[Short web captions]
■ ■ ■ ■ ■ ■ ■

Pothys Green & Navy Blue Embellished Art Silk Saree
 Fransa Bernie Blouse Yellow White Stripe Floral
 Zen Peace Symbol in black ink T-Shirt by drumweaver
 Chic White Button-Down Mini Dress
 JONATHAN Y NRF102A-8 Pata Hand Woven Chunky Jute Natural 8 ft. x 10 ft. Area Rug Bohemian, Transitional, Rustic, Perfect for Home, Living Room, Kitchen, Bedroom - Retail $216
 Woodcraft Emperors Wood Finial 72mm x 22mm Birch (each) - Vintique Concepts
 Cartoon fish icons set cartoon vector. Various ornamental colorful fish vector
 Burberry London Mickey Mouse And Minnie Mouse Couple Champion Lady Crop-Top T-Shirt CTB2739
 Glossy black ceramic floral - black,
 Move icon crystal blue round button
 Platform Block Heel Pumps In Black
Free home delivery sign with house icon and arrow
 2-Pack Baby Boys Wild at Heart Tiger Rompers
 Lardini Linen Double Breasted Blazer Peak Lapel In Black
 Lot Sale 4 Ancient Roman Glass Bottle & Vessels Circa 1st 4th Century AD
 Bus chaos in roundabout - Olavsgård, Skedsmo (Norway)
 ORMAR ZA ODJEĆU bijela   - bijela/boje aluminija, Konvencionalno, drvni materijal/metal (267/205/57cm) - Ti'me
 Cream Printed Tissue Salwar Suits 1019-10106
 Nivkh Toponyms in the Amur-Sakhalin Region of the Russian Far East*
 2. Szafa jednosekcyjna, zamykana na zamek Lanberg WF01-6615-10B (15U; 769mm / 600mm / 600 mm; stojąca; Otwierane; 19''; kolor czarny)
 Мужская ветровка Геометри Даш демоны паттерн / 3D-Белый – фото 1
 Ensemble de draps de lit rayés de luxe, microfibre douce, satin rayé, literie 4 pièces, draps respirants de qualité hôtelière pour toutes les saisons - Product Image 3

■ ■ ■ ■ ■ ■ ■

## WORK REQUIRED:
Only the lines from the one containing "Free home delivery" through the end of the records above belong in the output, each exactly as it stands, both ends included.

## RESULT BELOW:
Free home delivery sign with house icon and arrow
 2-Pack Baby Boys Wild at Heart Tiger Rompers
 Lardini Linen Double Breasted Blazer Peak Lapel In Black
 Lot Sale 4 Ancient Roman Glass Bottle & Vessels Circa 1st 4th Century AD
 Bus chaos in roundabout - Olavsgård, Skedsmo (Norway)
 ORMAR ZA ODJEĆU bijela   - bijela/boje aluminija, Konvencionalno, drvni materijal/metal (267/205/57cm) - Ti'me
 Cream Printed Tissue Salwar Suits 1019-10106
 Nivkh Toponyms in the Amur-Sakhalin Region of the Russian Far East*
 2. Szafa jednosekcyjna, zamykana na zamek Lanberg WF01-6615-10B (15U; 769mm / 600mm / 600 mm; stojąca; Otwierane; 19''; kolor czarny)
 Мужская ветровка Геометри Даш демоны паттерн / 3D-Белый – фото 1
 Ensemble de draps de lit rayés de luxe, microfibre douce, satin rayé, literie 4 pièces, draps respirants de qualité hôtelière pour toutes les saisons - Product Image 3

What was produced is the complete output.